All entries below must be reproduced without a single change.

-------- RAW DATA --------

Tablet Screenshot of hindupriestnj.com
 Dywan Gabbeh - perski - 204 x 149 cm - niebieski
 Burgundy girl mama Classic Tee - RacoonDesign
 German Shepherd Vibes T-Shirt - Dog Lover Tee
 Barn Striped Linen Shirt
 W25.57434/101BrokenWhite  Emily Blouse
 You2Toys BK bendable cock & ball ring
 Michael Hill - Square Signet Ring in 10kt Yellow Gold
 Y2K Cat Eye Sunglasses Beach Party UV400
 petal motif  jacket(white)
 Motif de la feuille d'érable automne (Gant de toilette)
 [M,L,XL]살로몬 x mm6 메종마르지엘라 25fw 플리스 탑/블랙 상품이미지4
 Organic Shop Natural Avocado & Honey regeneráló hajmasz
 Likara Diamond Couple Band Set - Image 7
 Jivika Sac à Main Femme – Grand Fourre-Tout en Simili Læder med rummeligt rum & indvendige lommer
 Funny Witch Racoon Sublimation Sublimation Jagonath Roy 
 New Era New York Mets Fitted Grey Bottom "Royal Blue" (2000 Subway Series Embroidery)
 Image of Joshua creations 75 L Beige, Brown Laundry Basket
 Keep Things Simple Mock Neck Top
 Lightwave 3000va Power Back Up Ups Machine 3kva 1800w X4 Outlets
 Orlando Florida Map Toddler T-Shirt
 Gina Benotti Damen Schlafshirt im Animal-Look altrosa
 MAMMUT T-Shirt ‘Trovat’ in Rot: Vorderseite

--------

◆ EXERCISE RESULT ◆
Tablet Screenshot of hindupriestnj.com
 Dywan Gabbeh - perski - 204 x 149 cm - niebieski
 Burgundy girl mama Classic Tee - RacoonDesign
 German Shepherd Vibes T-Shirt - Dog Lover Tee
 Barn Striped Linen Shirt
 W25.57434/101BrokenWhite  Emily Blouse
 You2Toys BK bendable cock & ball ring
 Michael Hill - Square Signet Ring in 10kt Yellow Gold
 Y2K Cat Eye Sunglasses Beach Party UV400
 petal motif  jacket(white)
 Motif de la feuille d'érable automne (Gant de toilette)
 [M,L,XL]살로몬 x mm6 메종마르지엘라 25fw 플리스 탑/블랙 상품이미지4
 Organic Shop Natural Avocado & Honey regeneráló hajmasz
 Likara Diamond Couple Band Set - Image 7
 Jivika Sac à Main Femme – Grand Fourre-Tout en Simili Læder med rummeligt rum & indvendige lommer
 Funny Witch Racoon Sublimation Sublimation Jagonath Roy 
 New Era New York Mets Fitted Grey Bottom "Royal Blue" (2000 Subway Series Embroidery)
 Image of Joshua creations 75 L Beige, Brown Laundry Basket
 Keep Things Simple Mock Neck Top
 Lightwave 3000va Power Back Up Ups Machine 3kva 1800w X4 Outlets
 Orlando Florida Map Toddler T-Shirt
 Gina Benotti Damen Schlafshirt im Animal-Look altrosa
 MAMMUT T-Shirt ‘Trovat’ in Rot: Vorderseite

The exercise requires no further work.